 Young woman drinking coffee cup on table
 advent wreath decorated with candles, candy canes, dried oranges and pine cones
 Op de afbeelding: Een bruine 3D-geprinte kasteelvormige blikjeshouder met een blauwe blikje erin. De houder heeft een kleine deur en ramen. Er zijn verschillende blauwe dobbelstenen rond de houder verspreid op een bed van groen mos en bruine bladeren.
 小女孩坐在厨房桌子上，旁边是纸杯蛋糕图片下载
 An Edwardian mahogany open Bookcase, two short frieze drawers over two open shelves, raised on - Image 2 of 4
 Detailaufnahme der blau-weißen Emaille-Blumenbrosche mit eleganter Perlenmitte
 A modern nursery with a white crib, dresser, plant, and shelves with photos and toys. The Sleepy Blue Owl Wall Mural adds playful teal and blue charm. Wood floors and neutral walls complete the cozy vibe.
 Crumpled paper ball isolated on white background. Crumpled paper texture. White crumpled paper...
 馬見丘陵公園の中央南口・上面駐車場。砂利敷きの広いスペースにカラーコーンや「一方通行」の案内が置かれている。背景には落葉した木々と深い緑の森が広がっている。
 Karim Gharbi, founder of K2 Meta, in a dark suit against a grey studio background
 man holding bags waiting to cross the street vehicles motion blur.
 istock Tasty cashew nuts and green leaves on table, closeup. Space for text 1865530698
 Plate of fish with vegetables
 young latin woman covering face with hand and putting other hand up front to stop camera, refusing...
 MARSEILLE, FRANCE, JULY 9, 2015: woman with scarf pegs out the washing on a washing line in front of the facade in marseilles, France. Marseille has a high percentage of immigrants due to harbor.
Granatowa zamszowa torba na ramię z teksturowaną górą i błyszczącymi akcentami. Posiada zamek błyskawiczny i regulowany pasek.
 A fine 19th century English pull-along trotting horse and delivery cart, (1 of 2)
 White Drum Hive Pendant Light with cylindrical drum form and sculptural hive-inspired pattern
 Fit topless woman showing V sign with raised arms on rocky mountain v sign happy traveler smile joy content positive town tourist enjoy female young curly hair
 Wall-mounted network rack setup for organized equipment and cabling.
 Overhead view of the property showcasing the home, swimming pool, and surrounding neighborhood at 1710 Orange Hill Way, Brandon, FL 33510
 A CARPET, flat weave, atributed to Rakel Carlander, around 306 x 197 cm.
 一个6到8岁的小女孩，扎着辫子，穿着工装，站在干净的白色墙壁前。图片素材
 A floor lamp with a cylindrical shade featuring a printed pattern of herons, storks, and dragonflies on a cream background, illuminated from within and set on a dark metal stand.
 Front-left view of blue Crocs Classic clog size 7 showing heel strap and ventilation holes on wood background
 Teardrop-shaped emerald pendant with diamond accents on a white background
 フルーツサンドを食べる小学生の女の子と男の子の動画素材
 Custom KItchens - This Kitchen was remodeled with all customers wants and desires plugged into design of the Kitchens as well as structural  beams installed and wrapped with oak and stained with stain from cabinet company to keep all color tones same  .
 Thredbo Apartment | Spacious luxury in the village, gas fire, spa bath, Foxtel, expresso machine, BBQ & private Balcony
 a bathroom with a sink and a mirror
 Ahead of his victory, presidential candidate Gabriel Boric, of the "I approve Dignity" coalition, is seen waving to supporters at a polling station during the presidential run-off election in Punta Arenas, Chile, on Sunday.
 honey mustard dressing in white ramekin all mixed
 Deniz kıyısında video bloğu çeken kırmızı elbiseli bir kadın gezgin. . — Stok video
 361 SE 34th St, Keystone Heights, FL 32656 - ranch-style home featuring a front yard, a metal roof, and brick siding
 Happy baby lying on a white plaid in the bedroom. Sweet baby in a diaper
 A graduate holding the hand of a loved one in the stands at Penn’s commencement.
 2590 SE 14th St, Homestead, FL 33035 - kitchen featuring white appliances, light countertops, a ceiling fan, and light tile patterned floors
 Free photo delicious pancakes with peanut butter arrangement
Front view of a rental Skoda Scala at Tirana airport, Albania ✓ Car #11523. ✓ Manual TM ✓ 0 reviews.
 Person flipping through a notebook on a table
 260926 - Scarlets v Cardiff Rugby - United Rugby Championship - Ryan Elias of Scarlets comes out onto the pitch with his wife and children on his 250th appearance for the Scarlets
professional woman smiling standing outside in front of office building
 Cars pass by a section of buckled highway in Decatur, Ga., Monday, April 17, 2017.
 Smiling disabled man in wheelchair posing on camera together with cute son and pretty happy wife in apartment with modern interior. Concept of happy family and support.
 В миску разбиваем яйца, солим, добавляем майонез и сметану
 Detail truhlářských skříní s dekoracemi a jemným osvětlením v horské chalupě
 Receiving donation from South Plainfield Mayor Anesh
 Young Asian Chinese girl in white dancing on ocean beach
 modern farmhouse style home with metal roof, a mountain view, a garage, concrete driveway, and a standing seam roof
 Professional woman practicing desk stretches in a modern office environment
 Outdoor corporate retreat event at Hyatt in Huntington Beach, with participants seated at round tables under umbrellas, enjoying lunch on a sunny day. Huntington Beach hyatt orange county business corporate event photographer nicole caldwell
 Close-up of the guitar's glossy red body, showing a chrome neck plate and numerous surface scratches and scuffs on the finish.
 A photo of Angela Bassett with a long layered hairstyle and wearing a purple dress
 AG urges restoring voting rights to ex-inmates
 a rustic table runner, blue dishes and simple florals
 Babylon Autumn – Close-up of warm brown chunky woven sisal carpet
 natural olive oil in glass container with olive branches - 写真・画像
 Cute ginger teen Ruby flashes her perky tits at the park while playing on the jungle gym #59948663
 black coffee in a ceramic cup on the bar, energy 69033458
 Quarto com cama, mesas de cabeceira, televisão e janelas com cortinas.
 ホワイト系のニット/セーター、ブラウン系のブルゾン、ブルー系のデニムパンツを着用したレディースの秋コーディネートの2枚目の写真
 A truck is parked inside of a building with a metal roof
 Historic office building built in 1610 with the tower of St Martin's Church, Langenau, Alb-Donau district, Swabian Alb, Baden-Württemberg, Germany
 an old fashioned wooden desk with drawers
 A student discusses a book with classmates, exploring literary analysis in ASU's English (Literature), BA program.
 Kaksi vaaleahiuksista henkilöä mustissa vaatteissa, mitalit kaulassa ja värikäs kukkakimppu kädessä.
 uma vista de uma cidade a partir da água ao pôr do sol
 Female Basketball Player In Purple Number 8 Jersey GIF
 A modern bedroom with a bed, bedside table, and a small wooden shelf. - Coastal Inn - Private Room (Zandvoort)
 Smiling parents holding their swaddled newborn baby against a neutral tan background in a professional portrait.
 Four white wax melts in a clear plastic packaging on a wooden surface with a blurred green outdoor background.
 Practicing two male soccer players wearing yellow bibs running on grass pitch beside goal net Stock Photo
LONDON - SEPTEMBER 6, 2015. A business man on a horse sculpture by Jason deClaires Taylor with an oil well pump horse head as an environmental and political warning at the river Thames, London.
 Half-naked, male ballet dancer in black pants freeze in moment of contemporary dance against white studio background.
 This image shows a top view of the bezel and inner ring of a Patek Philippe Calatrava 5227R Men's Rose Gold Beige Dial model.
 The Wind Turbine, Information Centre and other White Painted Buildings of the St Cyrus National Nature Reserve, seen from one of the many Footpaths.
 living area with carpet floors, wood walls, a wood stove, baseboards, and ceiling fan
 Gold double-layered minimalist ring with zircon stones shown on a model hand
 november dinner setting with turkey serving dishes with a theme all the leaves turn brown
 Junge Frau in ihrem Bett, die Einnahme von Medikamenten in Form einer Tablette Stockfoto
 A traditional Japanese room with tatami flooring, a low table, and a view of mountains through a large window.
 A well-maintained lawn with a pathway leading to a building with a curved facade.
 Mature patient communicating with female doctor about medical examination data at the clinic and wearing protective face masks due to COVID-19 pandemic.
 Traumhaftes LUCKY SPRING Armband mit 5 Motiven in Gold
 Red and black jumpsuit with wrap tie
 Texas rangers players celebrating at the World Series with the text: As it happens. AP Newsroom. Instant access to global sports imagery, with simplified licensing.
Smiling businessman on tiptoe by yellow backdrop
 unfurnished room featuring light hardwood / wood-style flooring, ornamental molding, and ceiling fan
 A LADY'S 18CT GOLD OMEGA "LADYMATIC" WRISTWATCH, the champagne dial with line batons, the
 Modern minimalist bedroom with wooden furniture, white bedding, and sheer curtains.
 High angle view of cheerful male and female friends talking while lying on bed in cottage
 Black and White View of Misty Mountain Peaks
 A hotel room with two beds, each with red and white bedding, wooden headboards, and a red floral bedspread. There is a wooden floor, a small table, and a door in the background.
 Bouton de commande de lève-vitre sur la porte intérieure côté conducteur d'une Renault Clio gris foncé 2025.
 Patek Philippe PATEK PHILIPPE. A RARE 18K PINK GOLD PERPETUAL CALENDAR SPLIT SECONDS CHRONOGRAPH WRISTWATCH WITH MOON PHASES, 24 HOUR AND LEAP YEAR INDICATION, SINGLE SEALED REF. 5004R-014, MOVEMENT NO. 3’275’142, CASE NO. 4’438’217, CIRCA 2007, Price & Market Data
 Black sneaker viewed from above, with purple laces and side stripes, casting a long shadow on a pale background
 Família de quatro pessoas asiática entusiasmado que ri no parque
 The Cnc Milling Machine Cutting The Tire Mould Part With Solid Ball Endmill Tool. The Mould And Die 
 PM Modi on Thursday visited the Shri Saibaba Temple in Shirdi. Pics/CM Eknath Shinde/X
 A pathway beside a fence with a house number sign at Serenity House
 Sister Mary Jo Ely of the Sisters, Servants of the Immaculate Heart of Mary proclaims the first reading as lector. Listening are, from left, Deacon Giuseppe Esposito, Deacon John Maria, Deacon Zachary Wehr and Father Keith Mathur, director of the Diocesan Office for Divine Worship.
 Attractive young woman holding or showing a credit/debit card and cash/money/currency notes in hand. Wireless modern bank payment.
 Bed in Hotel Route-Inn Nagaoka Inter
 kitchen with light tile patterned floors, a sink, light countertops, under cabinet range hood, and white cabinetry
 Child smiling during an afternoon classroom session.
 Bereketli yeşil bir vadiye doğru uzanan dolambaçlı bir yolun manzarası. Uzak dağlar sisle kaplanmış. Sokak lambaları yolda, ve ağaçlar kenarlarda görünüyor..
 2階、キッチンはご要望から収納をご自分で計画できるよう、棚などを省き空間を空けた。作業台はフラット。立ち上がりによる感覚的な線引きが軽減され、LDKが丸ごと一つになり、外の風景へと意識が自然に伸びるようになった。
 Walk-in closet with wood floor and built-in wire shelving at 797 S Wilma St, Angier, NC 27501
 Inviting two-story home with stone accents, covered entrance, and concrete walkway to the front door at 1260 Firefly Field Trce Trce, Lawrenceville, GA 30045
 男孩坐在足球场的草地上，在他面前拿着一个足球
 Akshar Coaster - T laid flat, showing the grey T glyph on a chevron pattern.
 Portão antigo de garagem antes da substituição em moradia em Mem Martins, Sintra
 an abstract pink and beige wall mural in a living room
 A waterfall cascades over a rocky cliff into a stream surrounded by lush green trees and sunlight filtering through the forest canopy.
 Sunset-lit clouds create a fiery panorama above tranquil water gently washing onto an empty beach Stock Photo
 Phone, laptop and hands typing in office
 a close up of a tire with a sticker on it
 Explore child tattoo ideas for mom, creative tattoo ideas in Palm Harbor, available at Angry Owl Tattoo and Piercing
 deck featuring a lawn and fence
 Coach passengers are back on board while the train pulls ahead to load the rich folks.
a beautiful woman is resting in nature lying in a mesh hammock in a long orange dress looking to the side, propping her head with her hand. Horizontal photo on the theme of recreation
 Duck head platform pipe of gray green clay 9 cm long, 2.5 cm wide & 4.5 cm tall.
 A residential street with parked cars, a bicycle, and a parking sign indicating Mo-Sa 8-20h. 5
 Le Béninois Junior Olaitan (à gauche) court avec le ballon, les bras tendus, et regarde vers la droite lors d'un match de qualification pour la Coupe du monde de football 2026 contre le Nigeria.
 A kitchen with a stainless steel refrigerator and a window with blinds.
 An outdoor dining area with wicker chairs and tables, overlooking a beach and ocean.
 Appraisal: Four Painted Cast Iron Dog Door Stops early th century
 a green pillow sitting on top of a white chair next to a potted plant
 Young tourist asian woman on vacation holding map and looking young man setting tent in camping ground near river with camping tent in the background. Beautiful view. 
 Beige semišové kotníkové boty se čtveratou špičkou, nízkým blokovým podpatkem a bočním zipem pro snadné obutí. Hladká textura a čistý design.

--------

■ Work request ■
The expected result is an exact transcription of the lines from the one containing "A kitchen with" through the end of the records above; please include both ends.

■ Written answer ■
 A kitchen with a stainless steel refrigerator and a window with blinds.
 An outdoor dining area with wicker chairs and tables, overlooking a beach and ocean.
 Appraisal: Four Painted Cast Iron Dog Door Stops early th century
 a green pillow sitting on top of a white chair next to a potted plant
 Young tourist asian woman on vacation holding map and looking young man setting tent in camping ground near river with camping tent in the background. Beautiful view. 
 Beige semišové kotníkové boty se čtveratou špičkou, nízkým blokovým podpatkem a bočním zipem pro snadné obutí. Hladká textura a čistý design.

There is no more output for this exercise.